Though it's not clear yet whether the Yes Men were behind this video, it's likely it was done to draw attention to Shell's controversial drilling plans for the Arctic.

If it’s one thing Shell -- and every other oil company -- doesn’t want, it’s images of one of its rigs uncontrollably spilling its wares.

But that’s what happened Wednesday night -- sort of. Guests at a Shell reception in Seattle’s Space Needle scrambled to get out of the way when a mock oil rig started indiscriminately spraying liquor.

The guests had come to celebrate the launch of Shell’s Kulluk oil rig, which is headed to Alaska to begin exploration.

Occupy protester Logan Price, who had crashed the event, captured the incident on his cellphone and sent the video to the Occupy Seattle website.

“It all started with a malfunction ... of the event's centerpiece, a scale model of the Kulluk, one of the rigs heading up north, which was sitting in a basin of liquor (rum and coke?) next to an ice sculpture in the shape of an iceberg,” the Occupy Seattle blog quoted him as saying.

One of the spill’s victims, according to Price, was the engineer who had designed the real Kulluk rig.

“I can’t turn it off,” an event official can be heard saying on the video, prompting a guffaw from the crowd.

The PR firm associated with the event, Wainwright & Shore, told Digital Journal that the incident had been “blown out of proportion by a small number of online sources.”
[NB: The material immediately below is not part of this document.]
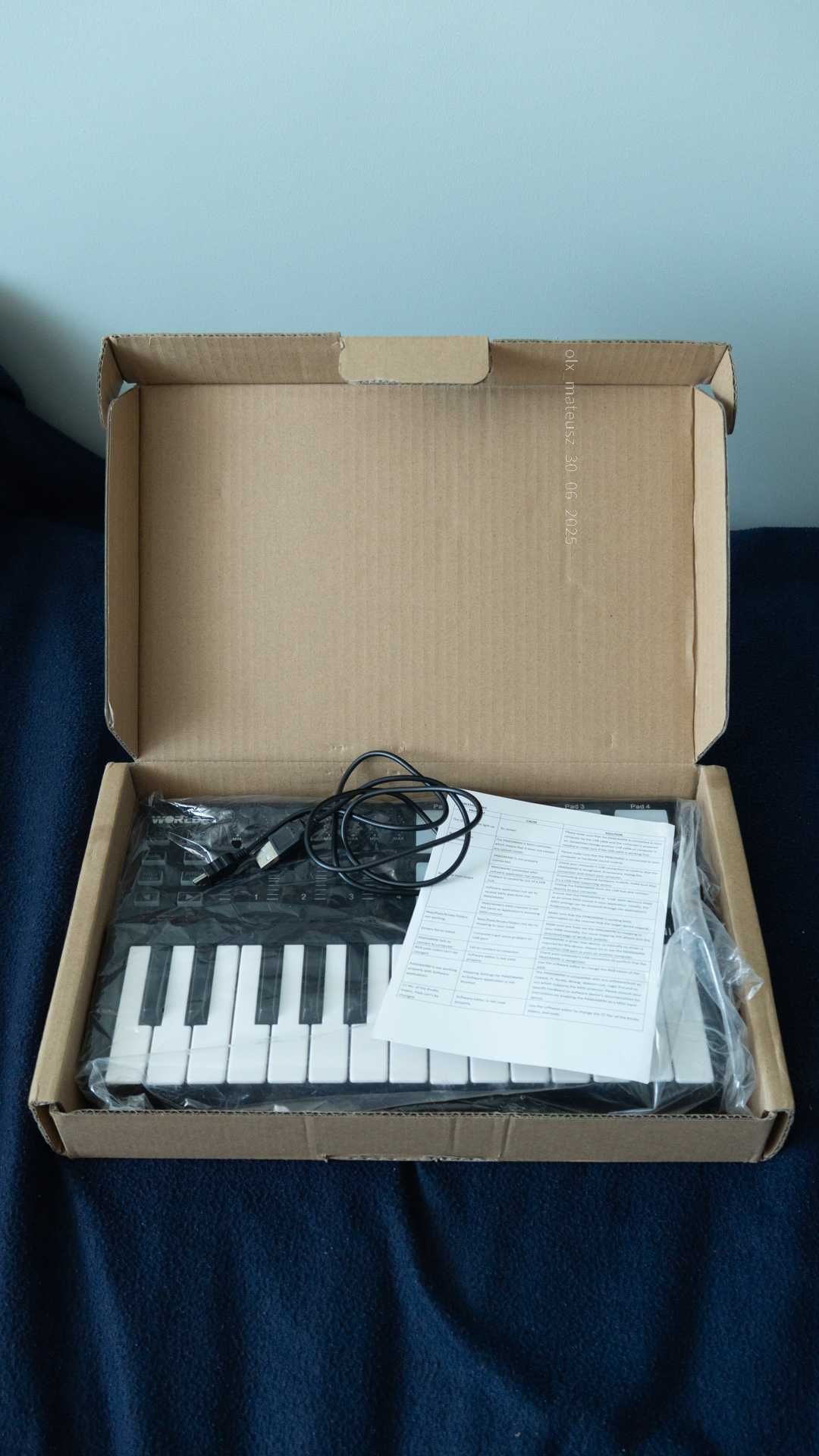 Worlde Panda Mini C kontroler MIDI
“We delivered a first class event, and despite a small malfunction on one of the evening's props our guests left happy and entertained,” the agency said.

Shell’s Kulluk is at the center of an environmental controversy. Green groups last month decried the EPA’s decision to give Shell an air permit for the rig, saying it would release harmful pollutants into the skies.

The U.S. 9th Circuit Court of Appeals last month rejected a challenge to the EPA’s permit by several environmental groups.